"Unacceptable and unmerited" is how the president of the Italian Senate, Renato Schifani, defined the recent "attacks against the Pontiff." Calling the media blitz on Pope Benedict XVI "unprecedented," he recognized the Pope's "decisive measures against pedophilia" and said that his "very rigorous positions" deserve respect and appreciation.

"This is why I don't understand, and we don't understand, the reason for these attacks," the politician said to a group of young people on Thursday, according to a Friday article in L'Osservatore Romano.

Schifani, speaking to the youngsters on constitutional values, went on to deem as "unacceptable" the evident "attempt to overshadow a moral patrimony, of traditions, of culture and of meritorious actions such as that of the Church with the instrument of the delegitimization that doesn't distinguish that which is good and just from the individual behaviors..."

He pointed out that the "most odious" of these actions "have been condemned firmly and with the maximum authority."

The president of the senate went on to defend the fundamental value of life as "the sign of the degree of civilization of a nation" and said that its protection "without ambiguity in all of its manifestations, preserving in it always the intrinsic dignity, is the essential task of every citizen and every institution."

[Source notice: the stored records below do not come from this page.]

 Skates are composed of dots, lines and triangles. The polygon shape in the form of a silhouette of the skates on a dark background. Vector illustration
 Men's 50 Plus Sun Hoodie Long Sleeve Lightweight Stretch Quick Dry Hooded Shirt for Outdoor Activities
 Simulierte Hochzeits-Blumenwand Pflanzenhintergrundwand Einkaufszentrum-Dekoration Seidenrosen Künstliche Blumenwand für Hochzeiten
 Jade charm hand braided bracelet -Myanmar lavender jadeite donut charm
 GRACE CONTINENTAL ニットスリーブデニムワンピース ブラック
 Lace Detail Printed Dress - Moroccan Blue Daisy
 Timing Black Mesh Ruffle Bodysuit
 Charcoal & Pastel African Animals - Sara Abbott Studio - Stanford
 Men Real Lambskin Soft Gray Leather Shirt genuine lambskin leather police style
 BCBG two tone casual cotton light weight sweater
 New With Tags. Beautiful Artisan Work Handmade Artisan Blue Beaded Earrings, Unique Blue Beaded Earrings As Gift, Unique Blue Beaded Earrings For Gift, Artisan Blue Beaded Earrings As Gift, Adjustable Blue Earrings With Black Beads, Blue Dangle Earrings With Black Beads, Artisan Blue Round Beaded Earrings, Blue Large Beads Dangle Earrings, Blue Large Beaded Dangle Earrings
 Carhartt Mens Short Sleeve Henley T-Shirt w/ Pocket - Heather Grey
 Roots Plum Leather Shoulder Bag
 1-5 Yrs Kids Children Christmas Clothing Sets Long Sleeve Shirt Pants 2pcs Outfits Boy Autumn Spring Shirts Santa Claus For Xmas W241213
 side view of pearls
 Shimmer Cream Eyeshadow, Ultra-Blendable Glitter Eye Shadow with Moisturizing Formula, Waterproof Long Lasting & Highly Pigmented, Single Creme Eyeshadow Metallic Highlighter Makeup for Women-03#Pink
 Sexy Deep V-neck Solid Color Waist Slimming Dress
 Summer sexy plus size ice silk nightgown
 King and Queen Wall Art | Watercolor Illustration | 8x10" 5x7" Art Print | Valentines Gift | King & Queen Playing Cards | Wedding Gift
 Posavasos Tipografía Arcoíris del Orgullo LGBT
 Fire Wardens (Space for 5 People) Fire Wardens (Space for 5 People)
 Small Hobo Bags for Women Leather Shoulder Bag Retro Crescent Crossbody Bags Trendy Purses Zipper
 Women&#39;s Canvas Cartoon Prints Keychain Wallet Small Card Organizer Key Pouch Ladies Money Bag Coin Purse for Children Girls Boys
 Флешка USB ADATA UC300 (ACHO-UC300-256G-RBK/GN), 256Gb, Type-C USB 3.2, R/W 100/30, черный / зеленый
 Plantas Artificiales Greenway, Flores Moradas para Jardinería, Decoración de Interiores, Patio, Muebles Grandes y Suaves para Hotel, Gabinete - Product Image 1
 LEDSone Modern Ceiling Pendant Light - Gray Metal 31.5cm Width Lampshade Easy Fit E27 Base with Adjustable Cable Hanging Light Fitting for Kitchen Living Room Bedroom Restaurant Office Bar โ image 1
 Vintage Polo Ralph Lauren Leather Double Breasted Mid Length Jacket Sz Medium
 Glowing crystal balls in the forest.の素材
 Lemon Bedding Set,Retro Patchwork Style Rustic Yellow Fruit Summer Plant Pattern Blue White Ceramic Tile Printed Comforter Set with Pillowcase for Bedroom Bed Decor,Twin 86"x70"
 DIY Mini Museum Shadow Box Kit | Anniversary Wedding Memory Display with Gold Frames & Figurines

In a message posted on the website of the Italian government following the release of the Letter to Irish Catholics last week, on behalf of the people of Italy, Prime Minister Silvio Berlusconi expressed "all of the affection, closeness and solidarity" to the Pope, who "has often had to confront difficult situations that become motive for attacks against the Church and even the very substance of the Christian religion."